Etrafıma bakınca mutlu mesut insanlar değil de daha ziyade dertli ve hatta buhranlı, stresli her daim bir şeylere yetişmeye çalışan ama yine de hep geciken ve bunun derdine düşen insanlar görüyorum ben. Ya da ben yanlış yere bakıyorum da gördüğüm herkes birbirine benziyor ya da gerçekten herkes böyle. Bilemiyorum. Ama kimsenin durmaya, düşünmeye hatta sadece dinlemeye bile vakti yok.

Aslında işin biraz da şöyle bir tarafı var. Bizim mahallenin insanları; mazbut ailelerin çocukları, kendince ve kendi halinde olanlar ve olabildiğince inanan, öyle yaşayanlar nedendir bilmem lakin daha fazla bir memnuniyetsizlik ve ne bileyim hoşnutsuzluk içinde. Kanaat etmiyor ya da edemiyor. Belki de daha fazlasını istiyor ve olmuyor diye de hayıflanıyor çok fazla. Karşı mahalledekilere bakınca ise daha farklı bir şey görüyorum ben. Evet doğru, bizim mahalledeki kadar geleneklerine bağlı değiller, manevi meselelerde de -bizce- noksanları çok fazla. Lakin tuhaf olanı şu ki bunların yanında yüzleri gülüyor.

Elbette bizler dünyaya yiyip için kam almaya gelmedik lakin bunca huzursuzluk da çok değil mi? Ya da şöyle eksik olan şey teslim olmak ya da tevekkül mü mesela? Ne gelirse O’ndan diyemediğimizden ve dünyanın rengine kandığımızdan mı? İddiamızla yaptığımız tam da örtüşmüyor gibi geliyor bana.

Sahip olmadıklarına da şükretmeli insan. Gözünün gördüğüne değil de görmediğine bile nasıl inanıyorsa elinde olana değil olmayana da şükretmeli. Hatta hayatını böyle bir ahval üzere inşa etmeli. “Var da O’ndan, yok da O’ndan; az da O’ndan, çok da O’ndan” diyerek kurulmuş bir medeniyetin ve ecdadın torunlarıyız ya madem onların yaşadıkları gibi yaşayamasak da hiç değilse nasıl olduğunu ve nasıl yaptıklarını okumak, bilmek zorundayız gibi geliyor bana.
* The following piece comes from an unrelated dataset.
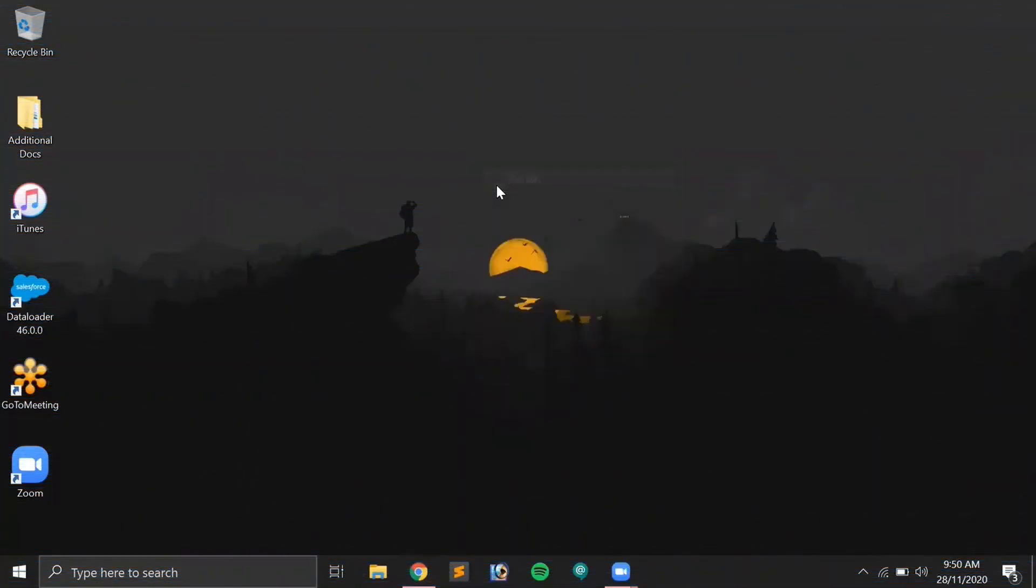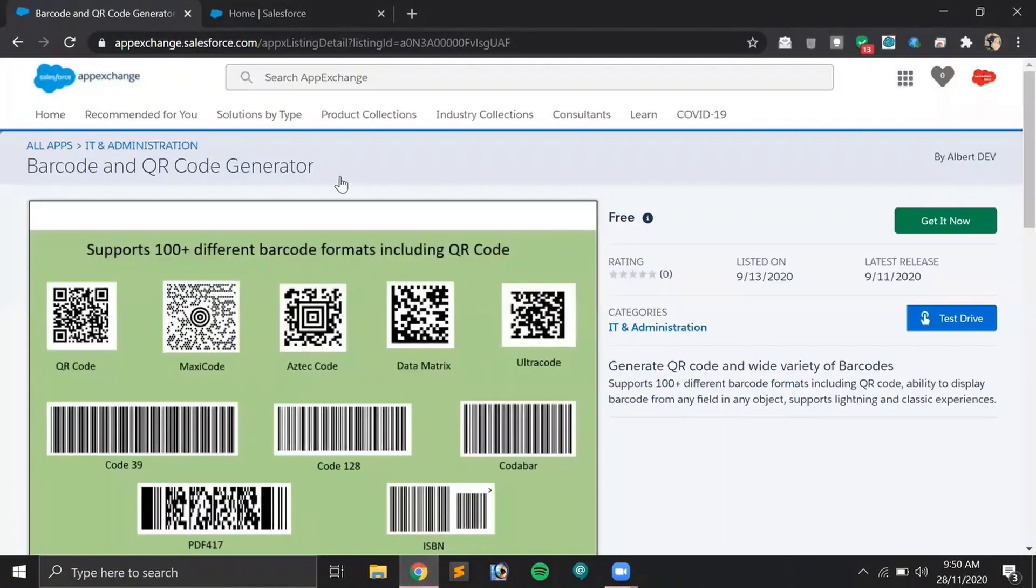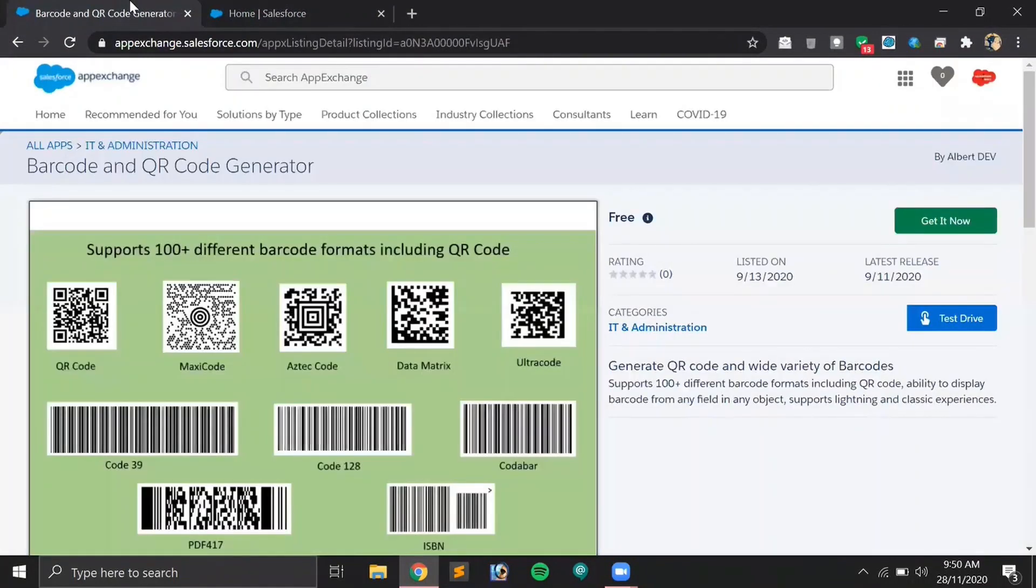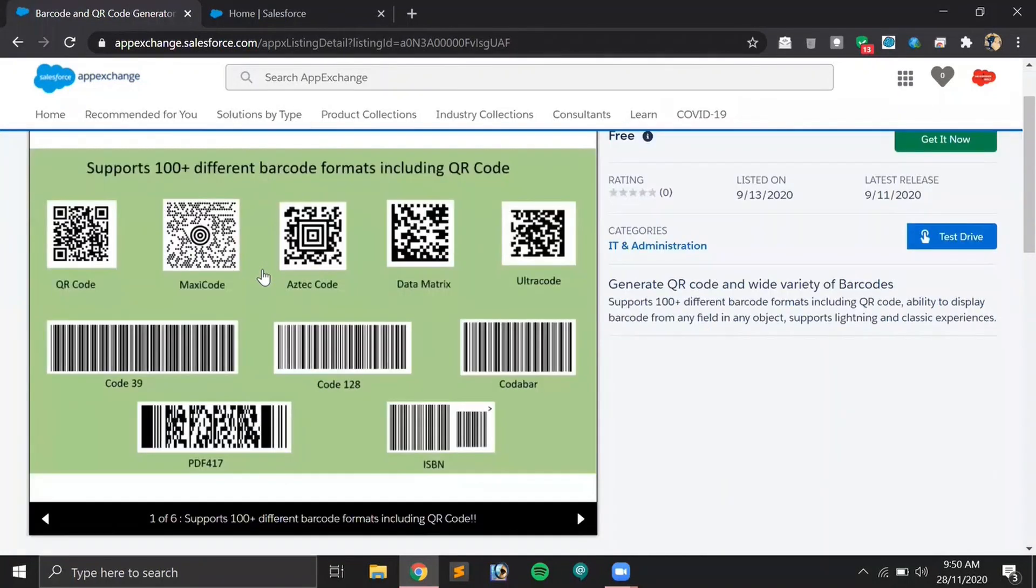For today's demo, first of all you have to login into a developer org. This is my developer org, and to implement the QR code functionality, I will be using an app from AppExchange which is Barcode and QR Code Generator.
Dünya gördüğünüz kadardır” diyor eskiler. Doğru ama eksik... Zira baktığımız yer diye bir şey de var. Bardağın dolusuna ya da boşuna bakmak dedikleri gibi... Dünyaya sahip olmak için geldiğine inanır ve öyle yaşarsan eğer dünyanın esiri olup da zindanda yaşıyor gibisin oysa sahiplik diye bir derdin olmadığı vakit sultanlar karşısında bile izzete boğuluyorsun. Hani İbnü’l Arabî hazretlerine talebeleri gelip de “Efendim bu kadar zor durumdasınız, bu kadar ihtiyaçlarınız var. Sultanlar kapınıza kadar geliyorlar. Bir tanesine söyleseniz ayaklarınızın altına mücevherler, altınlar dökerler” deyince o mübarek zât “Doğru diyorsunuz. İstersem ayaklarımın altına mücevherler, gümüşler, altınlar sererler. Lakin onları almak için eğilmek gerekir.”

Şimdi tam da bu amanda bizler de bir karar vereceğiz sanırım. Rahat etmek için altın, gümüş, dolar, euro için eğilecek miyiz yoksa dimdik duracak ve sonunda felaha erecek miyiz?